I came up and flew alongside Lieutenant Clayson who waved a grateful hand at me. I looked along the line and saw Jenkin and Hickey. They had both survived but their buses looked only a little better than Lieutenant Fall’s. Once again we landed amidst a scene of confusion and action. Aeroplanes looked to be seemingly abandoned on the field. Huddles of mechanics and medic
al staff surrounded many of them. It is lucky for us that the Camel did not need much field to land in.
When I climbed out I saw that I had taken more damage than I had thought. The mechanics would have their hands full with my flight.
It looked like the Bristols had borne the brunt of the damage. I saw two gunners being stretchered away and Tony Alexander looked to have caught a bullet in the arm. Ted and Gordy trudged towards me.
“Well we were definitely caught with our trousers down there. They were ready for us. There was ground fire as well as the damned Fokkers. We only got a couple of photographs before we had to take evasive action.”
“It is our own fault, Gordy, we went over at exactly the same time and the same height. The Hun is not stupid is he? Where is Archie?”
“He went to telephone headquarters. He wants us stood down to recover.”
“That makes sense. A different squadron might vary it a little.”
“How do you mean, Bill?”
We fly in a predictable way. We come in four lines at the same height each day. Even our little tricks like me raising my nose and then dropping it when I fire are known. I always turn to starboard and my lads follow me. I hate to admit it but if we had radios which could transmit and receive in the buses it would be much easier to vary things.”
“Well that isn’t going to happen in our lifetime.”
I shook my head, “The way things are going this war could last another ten years and we might just get them.”

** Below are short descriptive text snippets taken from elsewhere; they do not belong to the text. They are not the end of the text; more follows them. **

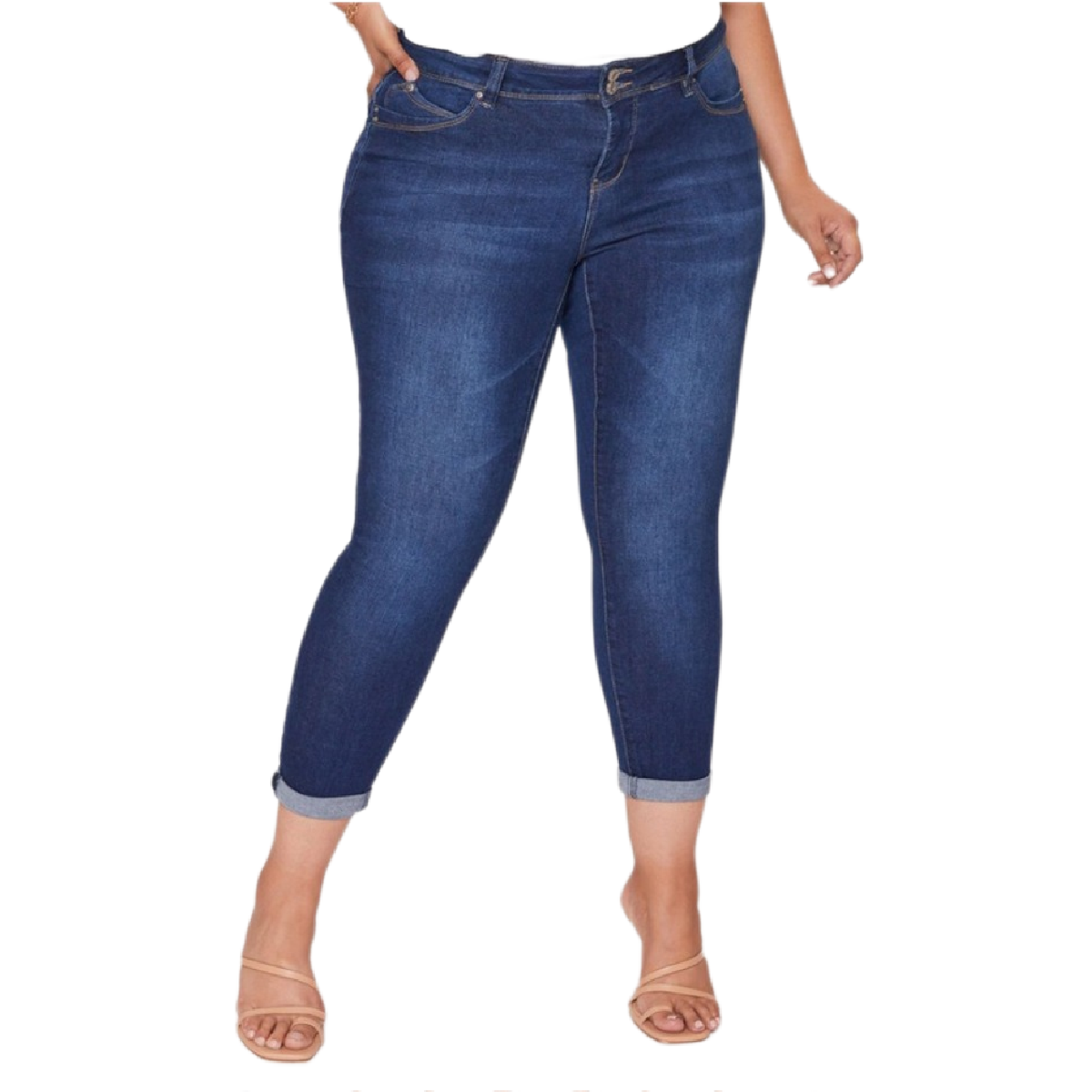 Missy Plus WannaBettaButt 2 Button Roll Cuff Ankle Jeans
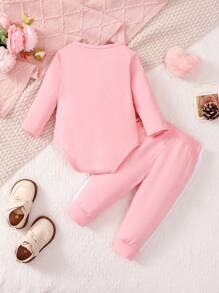 2pcs/Set Cute Baby Girl Letter Print Bodysuit And Printed Pants Set - Pink - View 3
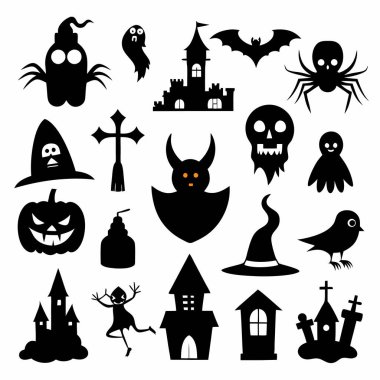 Bu Cadılar Bayramı siluet vektörü cadılar, balkabakları, hayaletler ve yarasalar gibi ürkütücü tasarımlar içeriyor. Parti davetiyeleri, dekorasyonlar ve ürkütücü Cadılar Bayramı temalı projeler için mükemmel..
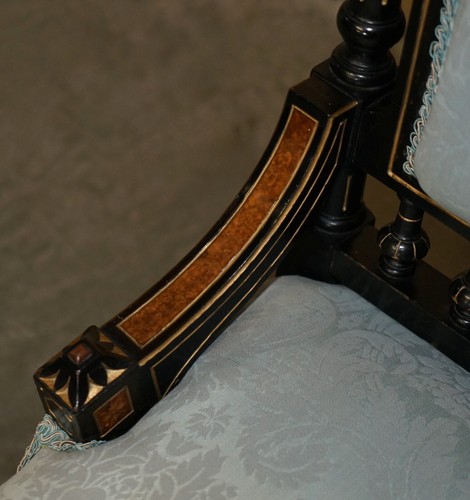 PAIR OF BURR WALNUT AESTHETIC MOVEMENT LIBRARY ARMCHAIRS WITH GRAND TOUR PLAQUES - Picture 21 of 24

“Well you are cheerful. Let’s go and find Archie and see if we have got a reprieve.”
We walked into the office and Archie waved us to the table where the whisky was already open.
“Yes General, I know but we took a beating today and we only have half of the Bristols able to fly.” There was a silence and Archie rolled his eyes. “Thank you sir. Even twenty four hours will make a difference.” After a moment or two he slammed the phone down. “These desk wallahs haven’t the first clue about what it takes to keep a squadron up to scratch. We have one day.”